Sayın çoğunluğun HMK 7/1 maddesinde öngörülen yetki kuralının kesin yetki olmadığına ilişkin görüşüne katılamıyoruz.
Dava 6100 sayılı HMK yürürlüğünden sonra 31.12.2013 tarihinde açılmıştır.
6100 sayılı HMK’daki yetki kuralları ve niteliğinin değerlendirilmesinden önce mülga 1086 sayılı HUMK ile 2918 sayılı Karayolları Trafik Kanunundaki yetki kuralları ve niteliğinin gözden geçirilmesinde yarar bulunmaktadır.

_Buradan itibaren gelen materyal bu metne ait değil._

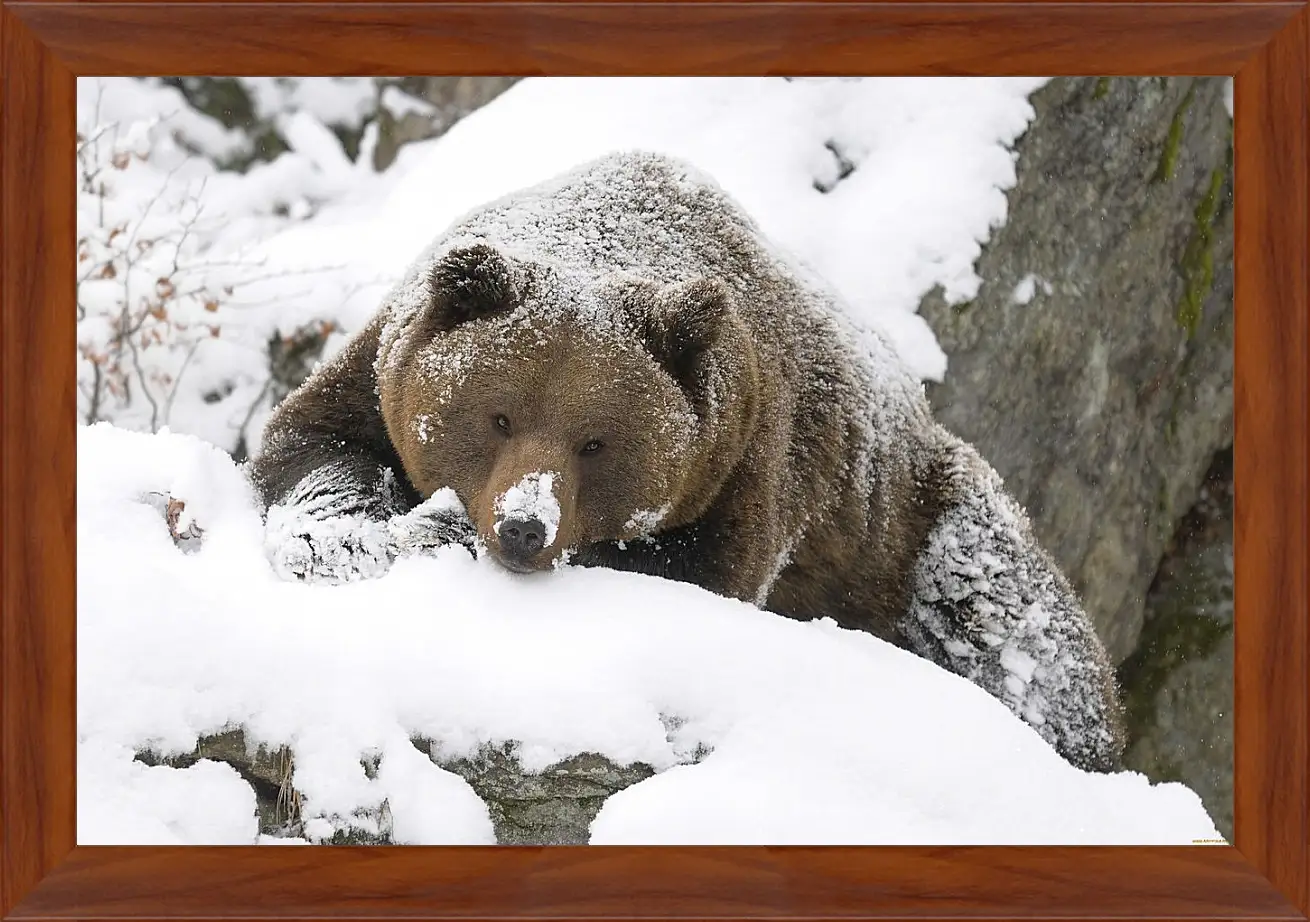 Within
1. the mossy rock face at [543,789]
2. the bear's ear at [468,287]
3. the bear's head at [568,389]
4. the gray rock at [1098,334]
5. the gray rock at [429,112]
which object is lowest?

Motorlu aracın neden olduğu kazalardan doğan hukuki sorumluluğa ilişkin davalar, davalının yerleşim yeri (HUMK 9, KTK 110/2), haksız fiilin vuku bulduğu yer (HUMK 21, KTK 110/2), sigortacının merkez veya şubesi veya sigorta sözleşmesini yapan acentenin bulunduğu yer (KTK 110/2) mahkemesinde açılabileceği düzenlenmiştir. Seçimlik hak davacıya aittir.
Birden fazla sorumlunun bulunduğu davalarda ise davanın ortak yetkili mahkeme olan haksız eylemin gerçekleştiği yer mahkemesinde açılması gerektiği HUMK 9/2 maddesinde düzenlendiği gibi bir kısım Yargıtay kararlarında da (YHGK. 24.2.1984 gün 1981/11-772 esas, 1984/153 karar, Y.4.HD’nin 23.9.2003 gün 2003/8610 esas, 2003/10502 karar, Y.4.HD 15.7.2004 gün 2004/8738 esas, 2004/9550 karar) vurgulanmıştır.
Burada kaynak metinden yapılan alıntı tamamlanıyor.